A recent posting on Derek Lowe’s “In the Pipeline” presents a dismal view of the returns on R&D in Pharma. BCG had included a graph (from Bernstein Research) of the trend of new molecular entities (“nme”) per $B spent over the past six decades. Supposedly adjusted for inflation, the graph suggests that fewer than one nme is being approved per $B spent on R&D in the industry overall. This backward focus may give a huge misimpression of what is happening now, including some cause for optimism (?)

There are several problems with this analysis, not the least of which infers that we were creating around 50 “nme’s” per year, per $B back in 1950. But the biggest problem is using “new molecular entities” as the key metric for our industry. I have been looking at the effects of improvements on how we are doing drug R&D for several years, and strongly recommend that firms focus on “New MEDICAL Entities” (“NME’s“) instead of nme’s. Approved NME’s in theory offer greater value to society and are a better signal of R&D productivity, and future returns. More on the nme versus NME arguments at the bottom. However the Lowe posting caused me to look at my data from that aggregate perspective to surprising results!

What could be the reasons for this reversal? Is it financially significant?
This chart reflects the yearly NME’s approved by the FDA, versus PhRMA-cited spending. It shockingly shows an inflection point in 2006, and recent information (like the projected drop of 3% in overall spending in 2010), suggests the industry is actually improving its R&D returns and innovation!

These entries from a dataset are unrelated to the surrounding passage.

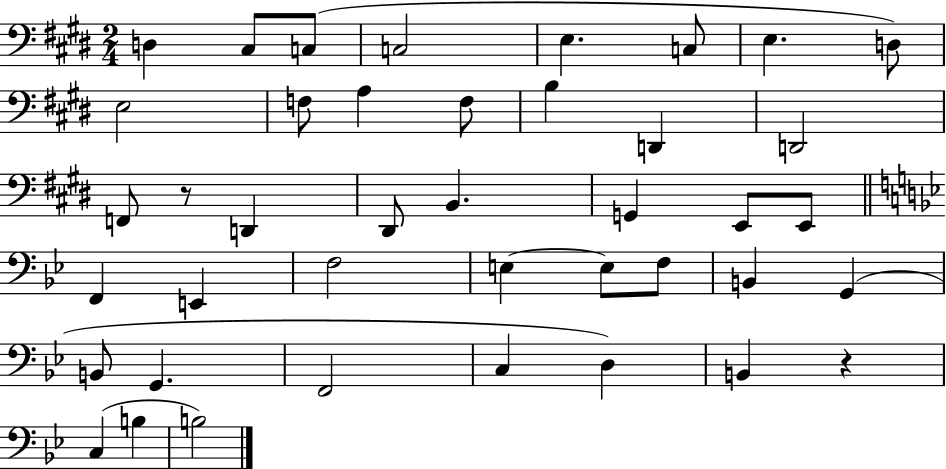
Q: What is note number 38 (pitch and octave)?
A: B3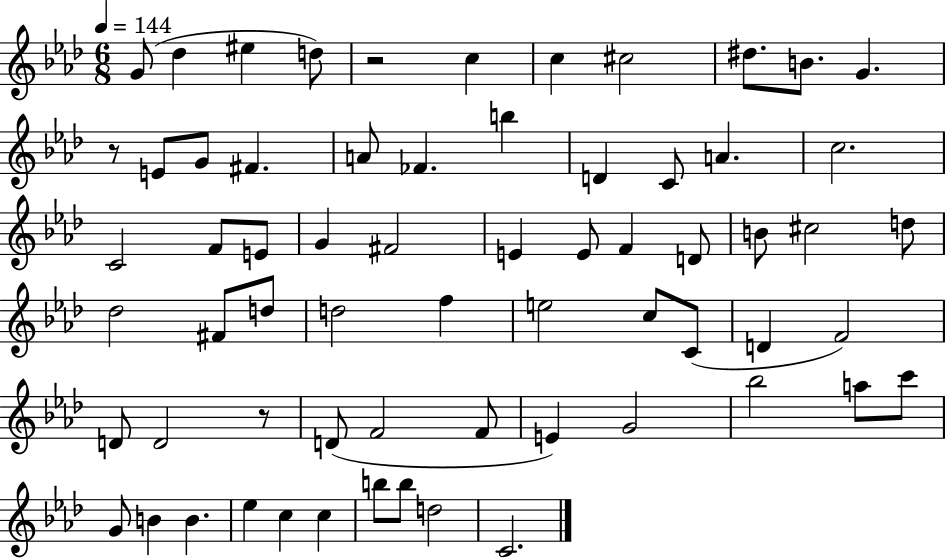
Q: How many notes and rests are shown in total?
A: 65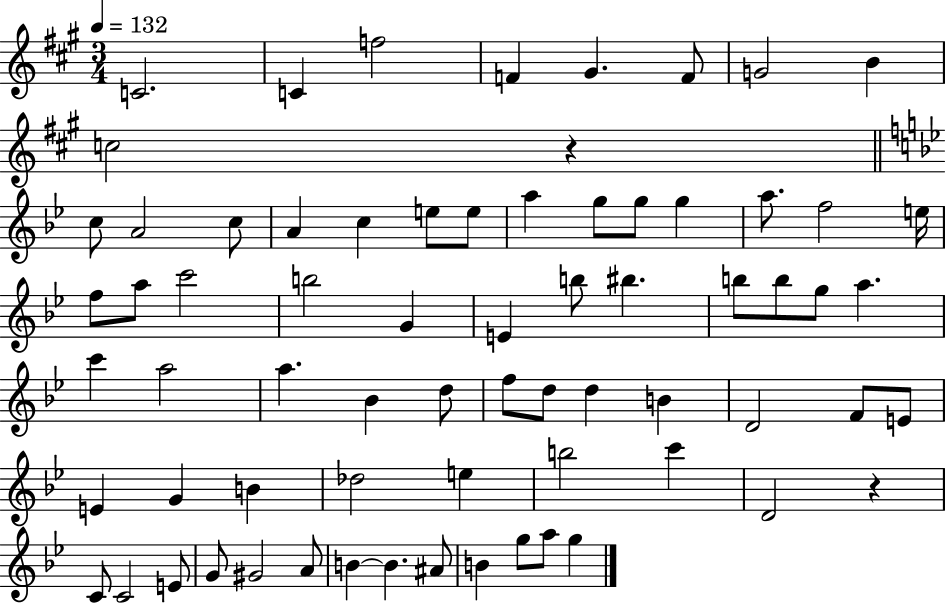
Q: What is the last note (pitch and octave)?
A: G5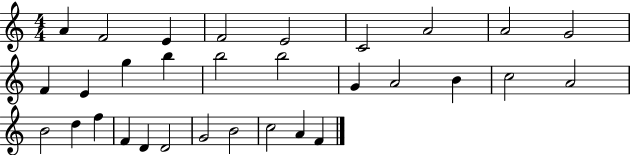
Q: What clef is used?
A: treble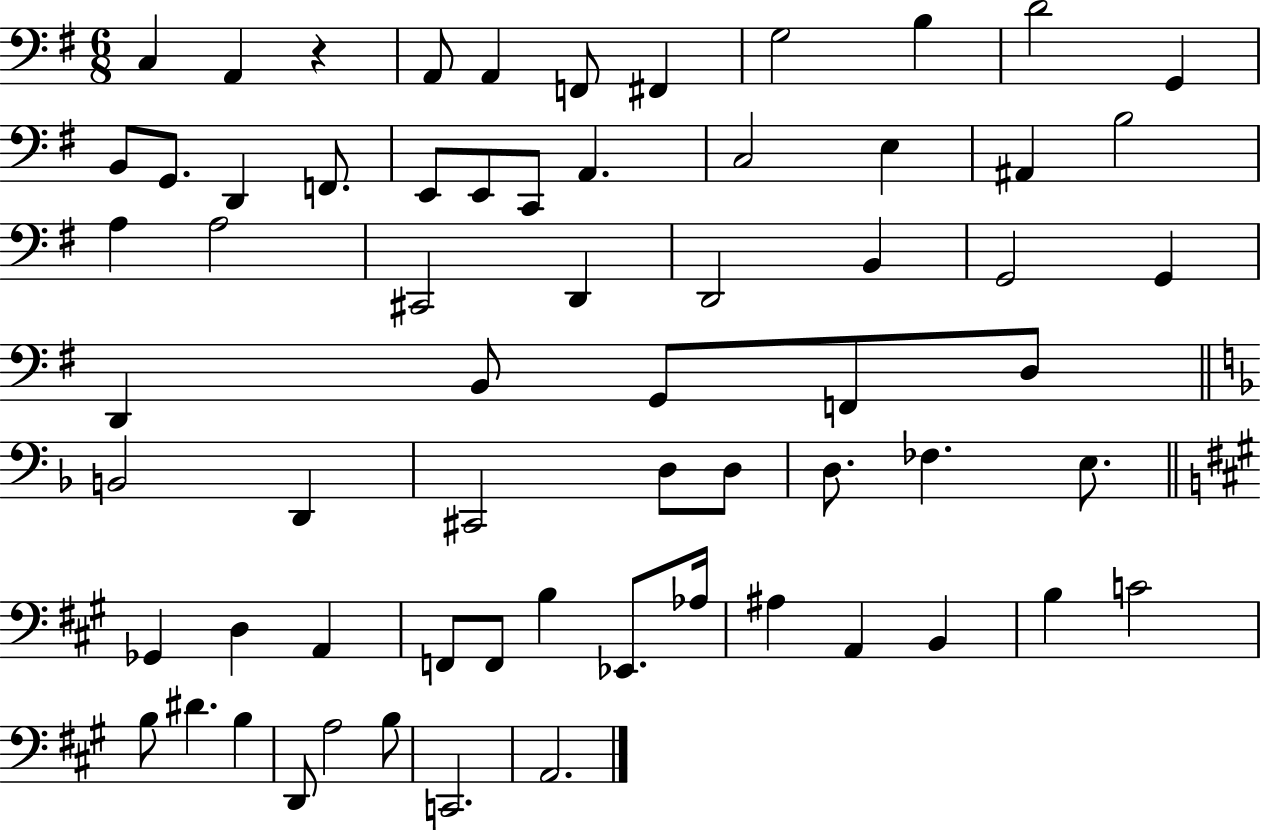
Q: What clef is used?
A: bass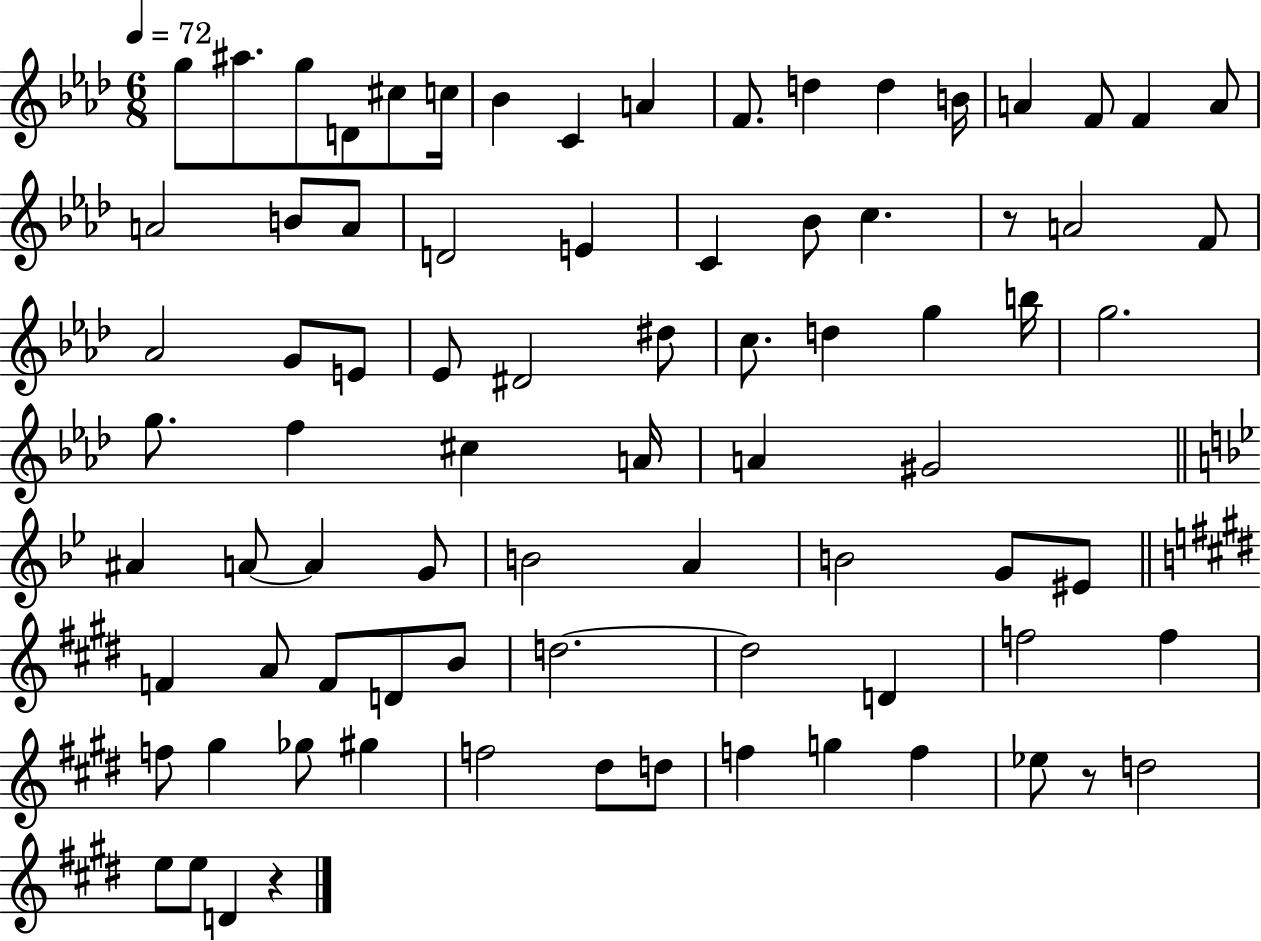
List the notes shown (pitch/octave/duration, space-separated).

G5/e A#5/e. G5/e D4/e C#5/e C5/s Bb4/q C4/q A4/q F4/e. D5/q D5/q B4/s A4/q F4/e F4/q A4/e A4/h B4/e A4/e D4/h E4/q C4/q Bb4/e C5/q. R/e A4/h F4/e Ab4/h G4/e E4/e Eb4/e D#4/h D#5/e C5/e. D5/q G5/q B5/s G5/h. G5/e. F5/q C#5/q A4/s A4/q G#4/h A#4/q A4/e A4/q G4/e B4/h A4/q B4/h G4/e EIS4/e F4/q A4/e F4/e D4/e B4/e D5/h. D5/h D4/q F5/h F5/q F5/e G#5/q Gb5/e G#5/q F5/h D#5/e D5/e F5/q G5/q F5/q Eb5/e R/e D5/h E5/e E5/e D4/q R/q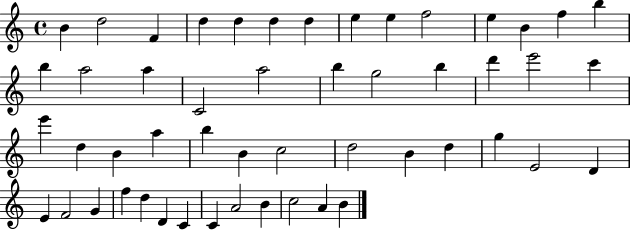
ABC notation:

X:1
T:Untitled
M:4/4
L:1/4
K:C
B d2 F d d d d e e f2 e B f b b a2 a C2 a2 b g2 b d' e'2 c' e' d B a b B c2 d2 B d g E2 D E F2 G f d D C C A2 B c2 A B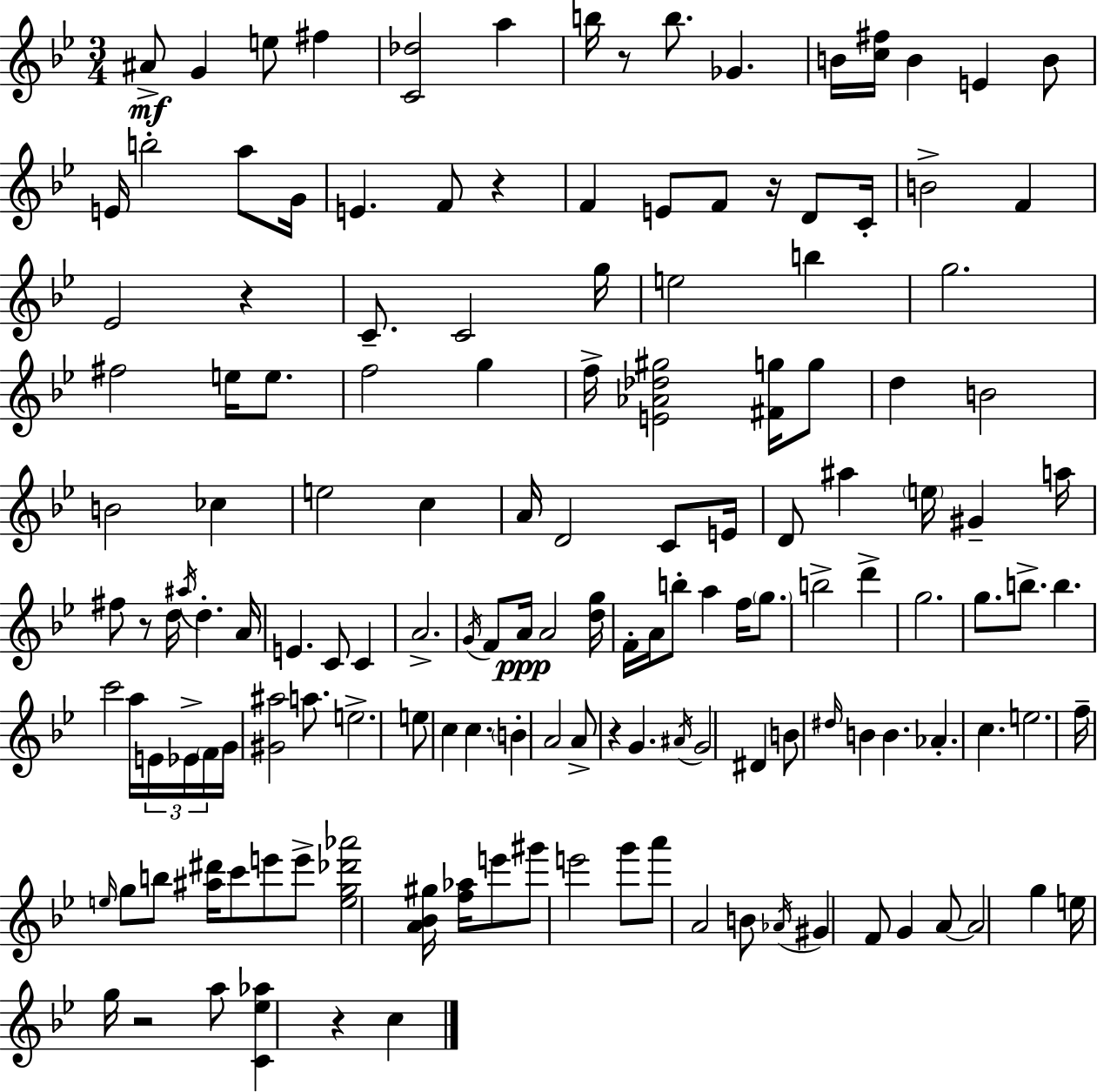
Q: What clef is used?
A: treble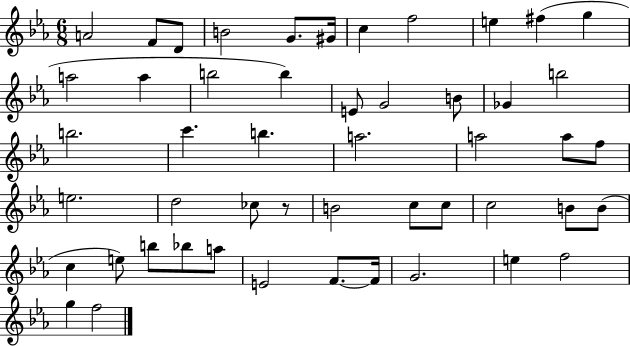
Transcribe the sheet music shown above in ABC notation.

X:1
T:Untitled
M:6/8
L:1/4
K:Eb
A2 F/2 D/2 B2 G/2 ^G/4 c f2 e ^f g a2 a b2 b E/2 G2 B/2 _G b2 b2 c' b a2 a2 a/2 f/2 e2 d2 _c/2 z/2 B2 c/2 c/2 c2 B/2 B/2 c e/2 b/2 _b/2 a/2 E2 F/2 F/4 G2 e f2 g f2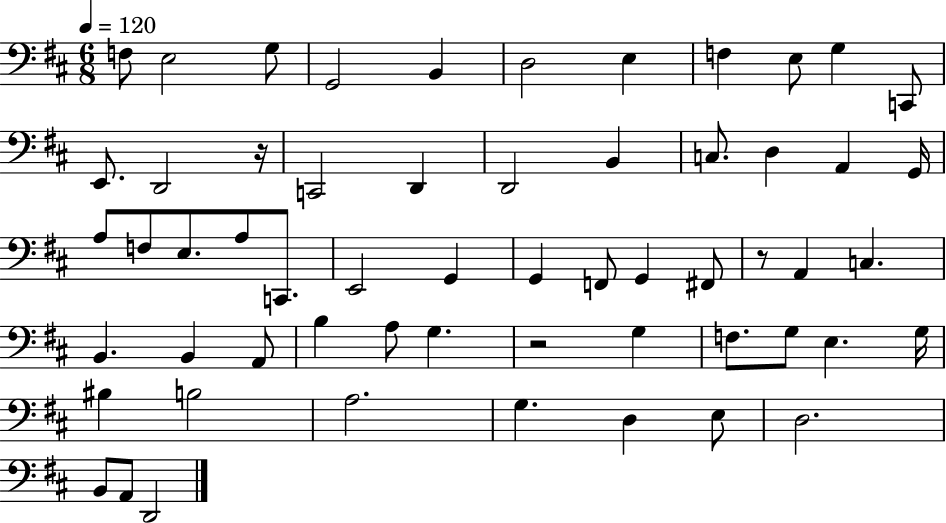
F3/e E3/h G3/e G2/h B2/q D3/h E3/q F3/q E3/e G3/q C2/e E2/e. D2/h R/s C2/h D2/q D2/h B2/q C3/e. D3/q A2/q G2/s A3/e F3/e E3/e. A3/e C2/e. E2/h G2/q G2/q F2/e G2/q F#2/e R/e A2/q C3/q. B2/q. B2/q A2/e B3/q A3/e G3/q. R/h G3/q F3/e. G3/e E3/q. G3/s BIS3/q B3/h A3/h. G3/q. D3/q E3/e D3/h. B2/e A2/e D2/h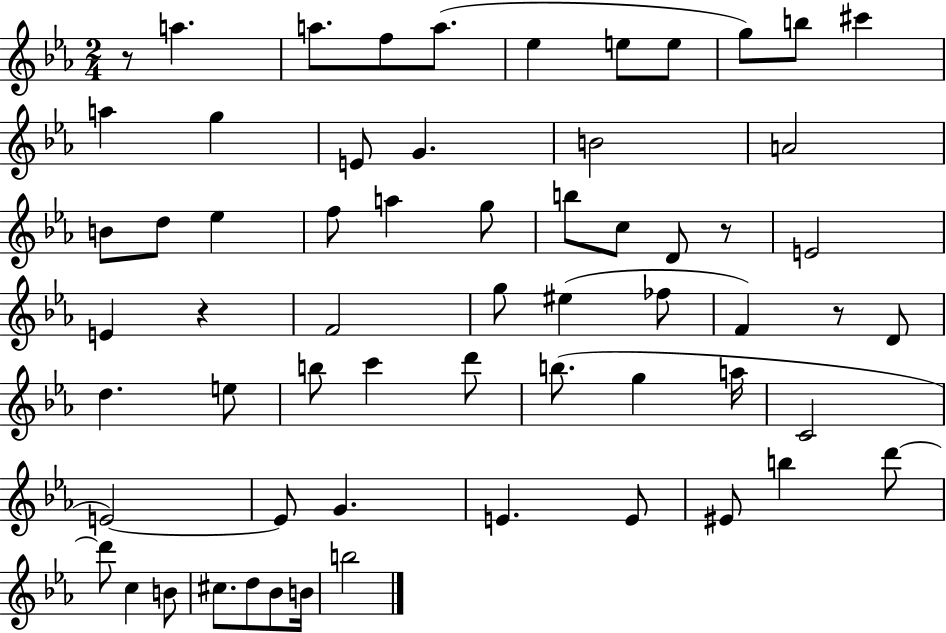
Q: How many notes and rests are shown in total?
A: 62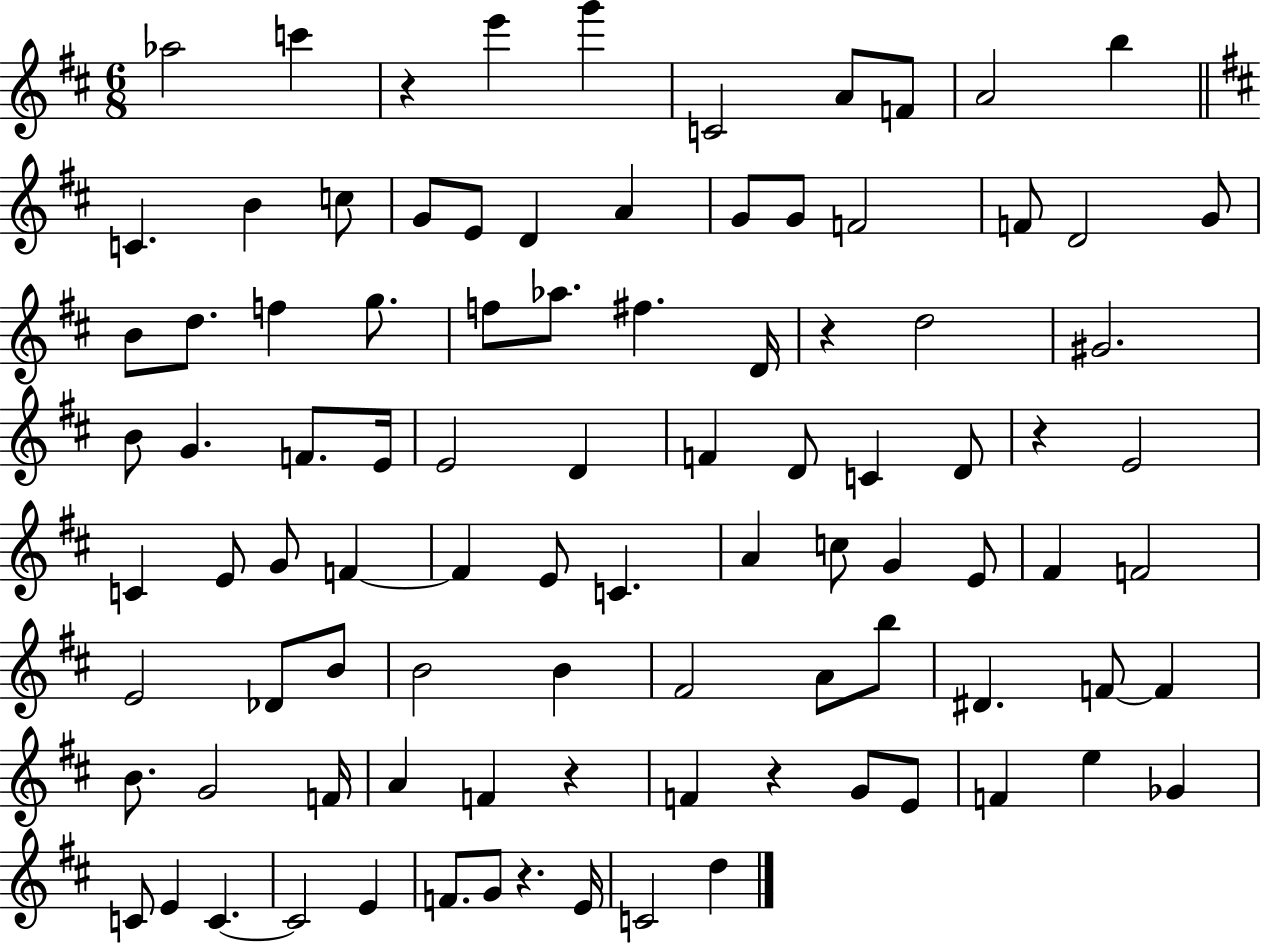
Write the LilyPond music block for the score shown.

First, some explanations on the analysis then the implications:
The denominator is PhRMA spending cited in the 2006 Congressional Budget Office report on the industry. However since the results of NME approvals depend on actions and spending that occurs mostly five years earlier, we apply a lag to better connect investment to results. For instance, the five NME’s approved in 2005 are divided by the industry R&D spend of $21.7B from the year 2000. Scale and slope change slightly if one does not lag the data, but the trends and the inflection point remain the same.
The NME data is from the FDA’s public database, culled of very similar follow-ons, salts and obvious use approvals (versus the initial first in class therapeutic form.) Details on this approach and its rationale are here as part of a larger analysis to reveal what R&D improvement initiatives are doing to R&D returns on investment (initially impact of mergers, later on outsourcing, six-sigma and IT tools.)
Implications: I would like readers to think and comment on what may have caused the above reversal. Are we getting smarter – with a five-year lag that prevented us from seeing this? Has the change been hidden underneath “me-too” drug approvals – and has the FDA been tightening the screws on them so a greater proportion of true NME innovation is “flourishing” (maybe)? Are the investments in outsourcing, shifts from small molecules to biotech, six-sigma, translational medicine, … at work finally? What are your thoughts?
Thinking forward: As I noted the Bernstein graph and so much of our gloom is based on retrospective analysis. Ours is a complex industry that tries to serve society, is regulated, takes a heck of a long time and lots of money. Resulting in so much historic data that it affects our thinking. We often fail to look at the bottom line, or to really look forward. This uptick in NME productivity MAY NOT reflect a large increase in the value (and resulting revenues and profits) that society will be happy or willing to pay. That connection or proof is still to be made. However, this could be one of the first signals of a turnaround that will have a positive effect on BioPharma. Again, comments? Ideas supporting or challenging that notion?